Can ‘The Strain’ please explain how bad things are supposed to be in New York?

One of the more confusing aspects of FX's vampire epidemic drama “The Strain” is what the exact state of things is in New York City, how much of the city is actually under siege by the strigoi, and how many ordinary citizens know the nature of the threat the city is under. In some scenes, the city has descended into complete post-apocalyptic dystopia, with strigoi freely roaming the streets, stores looted, and everyone cowering in their homes. In others, life seems to be going on exactly as before, with business being conducted as usual, and even a ribbon-cutting ceremony covered by a familiar crowd of reporters and onlookers. Some civilians are depicted as completely oblivious about this supernatural infestation, while others refer casually to the idea that there are vampires preying on them.

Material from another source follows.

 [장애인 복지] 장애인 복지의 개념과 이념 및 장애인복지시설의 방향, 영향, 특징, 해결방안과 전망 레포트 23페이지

Unsurprisingly, when the show's producers visited press tour this afternoon, they were asked to clarify the state of emergency in the Big Apple.

“There is dislocation in New York, but there is not full-scale social demise,” explained Carlton Cuse. “It progresses across this season and the next season of the show. There's a lot of willful denial. I think there are people who are trying to go about their lives in New York. It's kind of a mixed bag at this point.”

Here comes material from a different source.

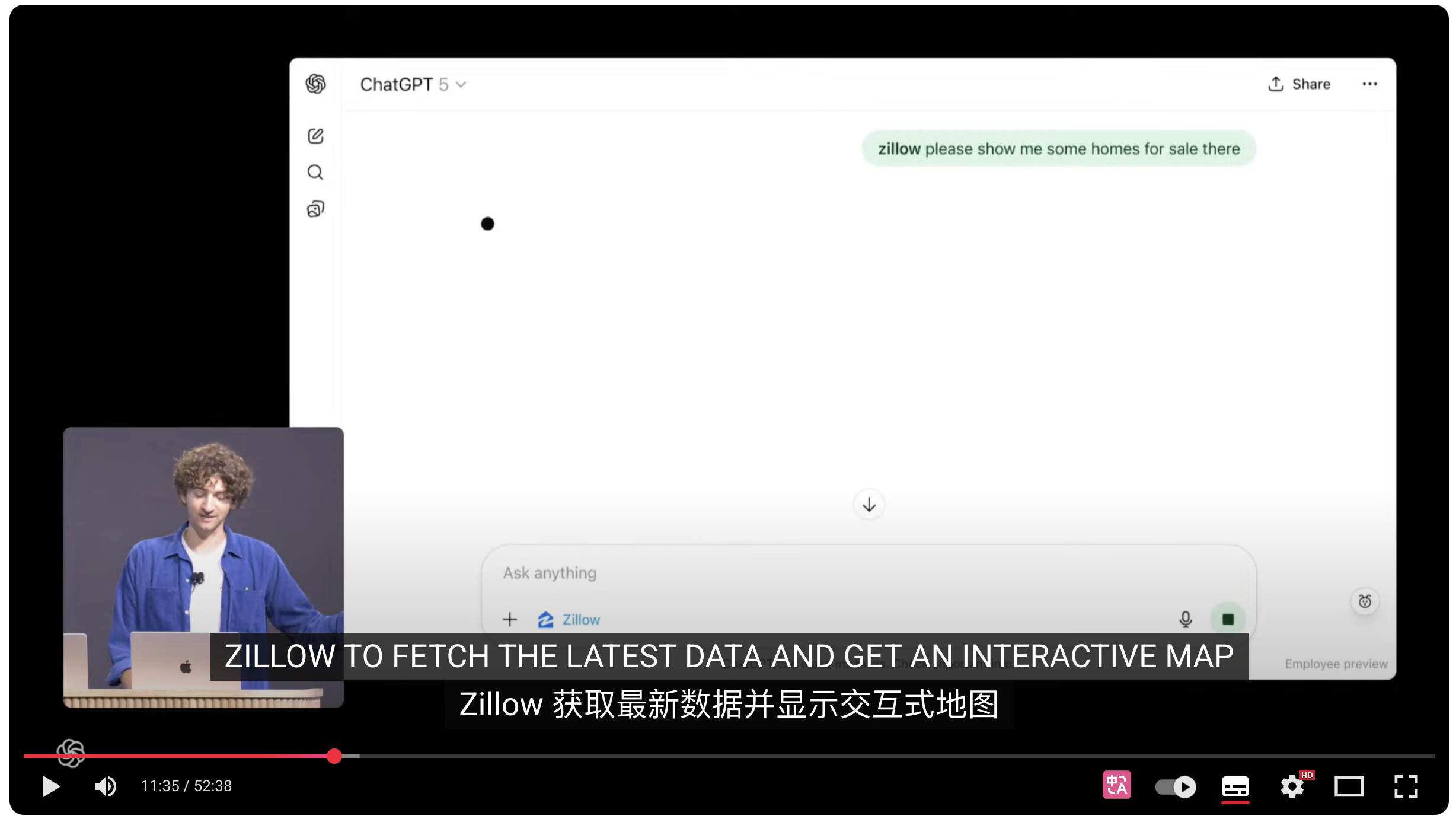 Zillow 应用集成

“The ribbon-cutting was kind of a photo op,” co-creator Chuck Hogan insisted. “A political attempt to show that things are kind of normal. We have to pick our spots about when to really show New York descending into strigoi-ness.”

“It's a process and an evolution,” Cuse admitted.

Another reporter asked why there hadn't been a huge national response to the crisis, given that the federal government is at least partly aware that bad things are doing.

“That's coming,” Cuse said.

Guillermo del Toro, who created the characters and this world in “The Strain” novels with Hogan, added that the two seasons have taken place over a far more compressed time period than some viewers have assumed.

“It's a matter of days; it's not six weeks of this stuff,” del Toro said. “The burning of the buildings is happening on a matter of days. The quarantine is in the city. It's happening very fast. Across 13 episodes, it's the same timeline as 'The Simpsons' years. Why does Bart not age and is 45 and have a drug addiction problem? We have 13 hours of television. That could all be happening in six days, 10 days, 11 days. It's hard to do it without tracking it, 'Day 1, Day 2.' At some point, we contemplated doing that. We thought it would be great to end the first season with buildings burning and saying, 'Day 6.' But we abandoned that. I don't know why.”

And what exactly does the average New Yorker know about the existence of vampires among them?

“I think there are different people who believe different things,” said Cuse. “I think there are people who believe there are vampires, other people who are discovering there are vampires, other people who are in a state of willful denial.”

It's unfortunately not a thing that's been conveyed well on the show, which makes it a huge distraction whenever the action shifts from New York as a desolate hellscape to New York as a busy place enduring a slight inconvenience.

What does everybody else think? Do you think the show has handled that aspect of the storytelling well, or poorly? And how do you feel about season 2 so far? Are you excited that FX ordered a third (and that Cuse has spoken frequently, as he did today, about a plan to do only five season)?